AIM OF THE TASK —
For any picture in the lines below, please leave it out and copy the rest exactly.

PROVIDED MATERIAL —
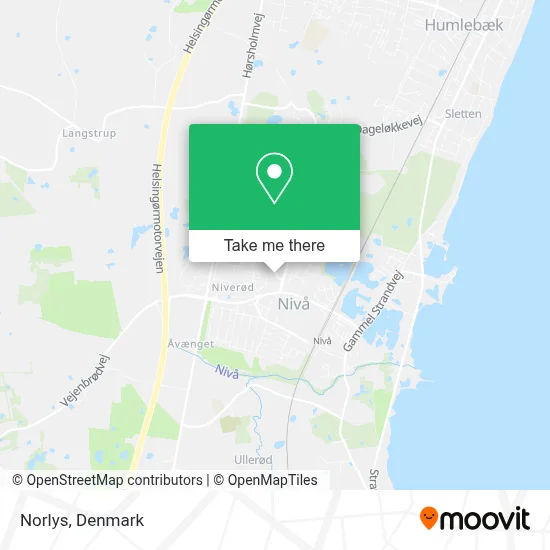 Norlys map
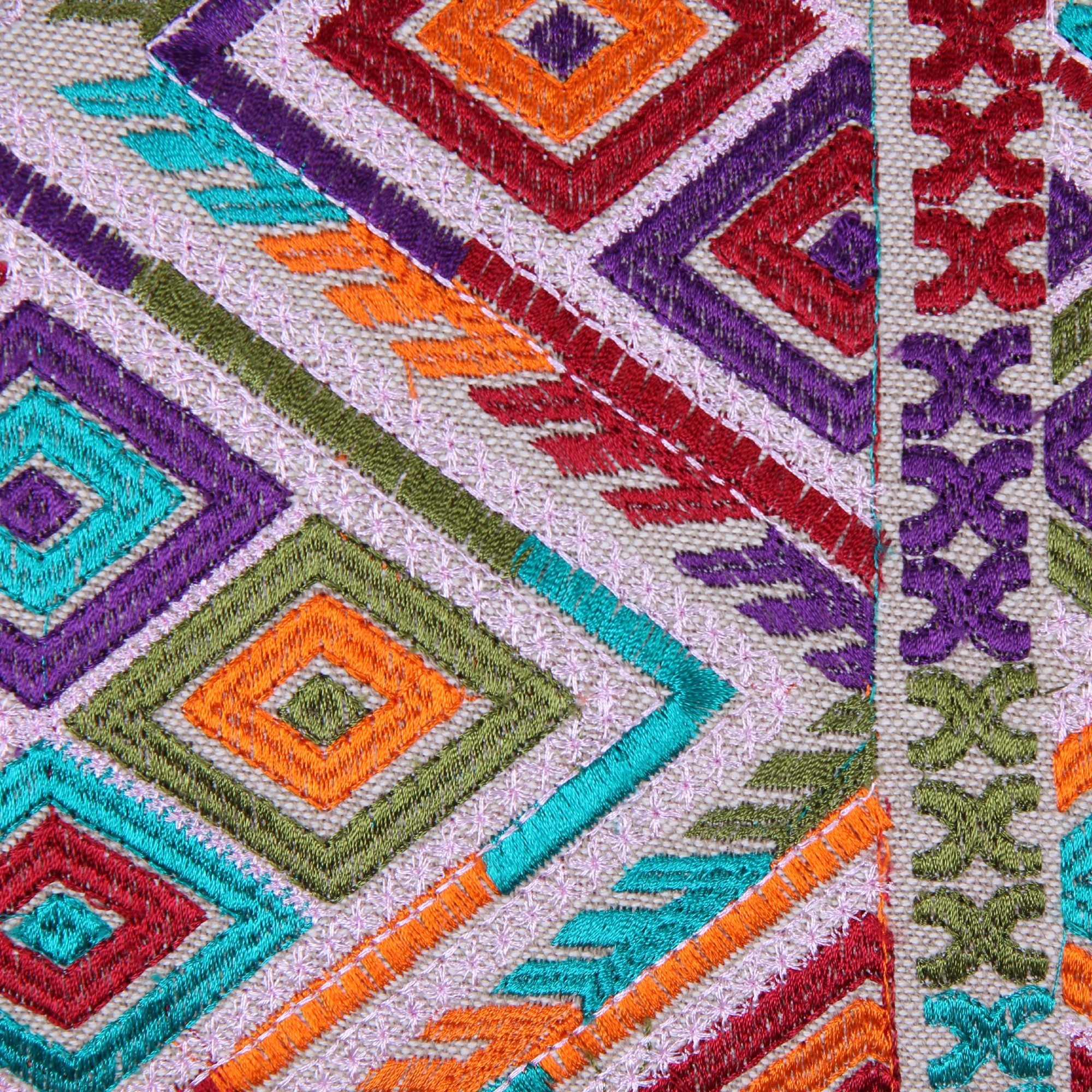 Langkissen 'Goole', multicolor, T 35 cm, B 80 cm von fischer's lagerhaus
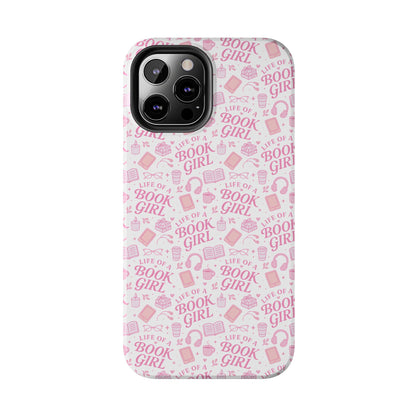 Life of a Book Girl Phone Case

COMPLETED EXERCISE —
 Norlys map
 Langkissen 'Goole', multicolor, T 35 cm, B 80 cm von fischer's lagerhaus
 Life of a Book Girl Phone Case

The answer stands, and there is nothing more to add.